Once the model is trained it is placed into the Google Bucket under: 

```
black_friday_gcp_bucket/serving_model/black-friday-gcp-vertex-pipelines/#
```

This model will need to be registered in Vertex AI's Model service.

Once this model has been setup, Vertex AI's endpoint service can easily be configured to point to the registered model.

### Inferencing
Once the endpoint has been set up it can be inferenced using a HTTP request. 

To inference request's body structure is:

```
      {"instances": 
        [
        {"Age": [0.1],
        "City_Category": [0.2],
        "Gender": [0.3],
        "Marital_Status": [0.4],
        "Occupation": [0.5], 
        "Product_Category_1": [0.6],
        "Product_Category_2": [0.7],
        "Product_ID": [0.8],
        "Stay_In_Current_City_Years": [0.9]}
        ]
      }
```

You will notice that the inference values are encoded.
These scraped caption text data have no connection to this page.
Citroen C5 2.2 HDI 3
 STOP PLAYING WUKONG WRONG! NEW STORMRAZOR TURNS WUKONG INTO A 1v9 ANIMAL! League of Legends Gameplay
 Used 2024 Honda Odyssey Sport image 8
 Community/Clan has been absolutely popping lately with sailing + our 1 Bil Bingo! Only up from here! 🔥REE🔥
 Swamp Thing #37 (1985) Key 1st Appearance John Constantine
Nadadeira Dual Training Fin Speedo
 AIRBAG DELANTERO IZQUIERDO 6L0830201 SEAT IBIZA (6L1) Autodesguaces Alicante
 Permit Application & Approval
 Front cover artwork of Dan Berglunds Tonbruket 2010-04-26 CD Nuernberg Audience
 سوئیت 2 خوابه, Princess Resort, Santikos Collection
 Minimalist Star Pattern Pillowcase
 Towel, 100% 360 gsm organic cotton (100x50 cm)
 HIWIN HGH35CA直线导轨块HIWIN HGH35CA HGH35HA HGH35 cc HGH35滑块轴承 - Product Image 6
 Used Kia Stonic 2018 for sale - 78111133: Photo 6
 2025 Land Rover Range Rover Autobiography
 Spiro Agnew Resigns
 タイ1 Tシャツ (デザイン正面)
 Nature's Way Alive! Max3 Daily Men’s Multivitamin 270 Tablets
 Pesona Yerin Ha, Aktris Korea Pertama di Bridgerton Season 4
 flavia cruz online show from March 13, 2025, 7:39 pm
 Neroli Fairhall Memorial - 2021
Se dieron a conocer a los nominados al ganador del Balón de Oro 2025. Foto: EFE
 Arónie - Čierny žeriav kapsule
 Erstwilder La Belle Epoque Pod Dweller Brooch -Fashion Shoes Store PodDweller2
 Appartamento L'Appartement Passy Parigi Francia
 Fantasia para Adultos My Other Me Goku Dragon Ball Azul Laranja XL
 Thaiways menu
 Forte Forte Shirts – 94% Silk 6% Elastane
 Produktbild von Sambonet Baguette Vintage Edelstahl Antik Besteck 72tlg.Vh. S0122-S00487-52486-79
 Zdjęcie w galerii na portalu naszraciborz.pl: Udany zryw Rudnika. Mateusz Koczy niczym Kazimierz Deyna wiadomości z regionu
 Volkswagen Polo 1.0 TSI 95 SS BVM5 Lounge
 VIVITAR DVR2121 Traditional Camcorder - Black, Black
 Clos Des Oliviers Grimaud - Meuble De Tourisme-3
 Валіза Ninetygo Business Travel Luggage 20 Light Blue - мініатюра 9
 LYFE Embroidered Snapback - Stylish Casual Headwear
This is because the servnig model does not use the transform_graph generated in the training pipeline.

There are two ways to solve this issue:
1. Create a signiture for the model using python decorators.
2. Create a Google Cloud service that manually maps inputs for the model.

For simplicity the latter has been implemented however template code for a signiture has been left in the trainer module.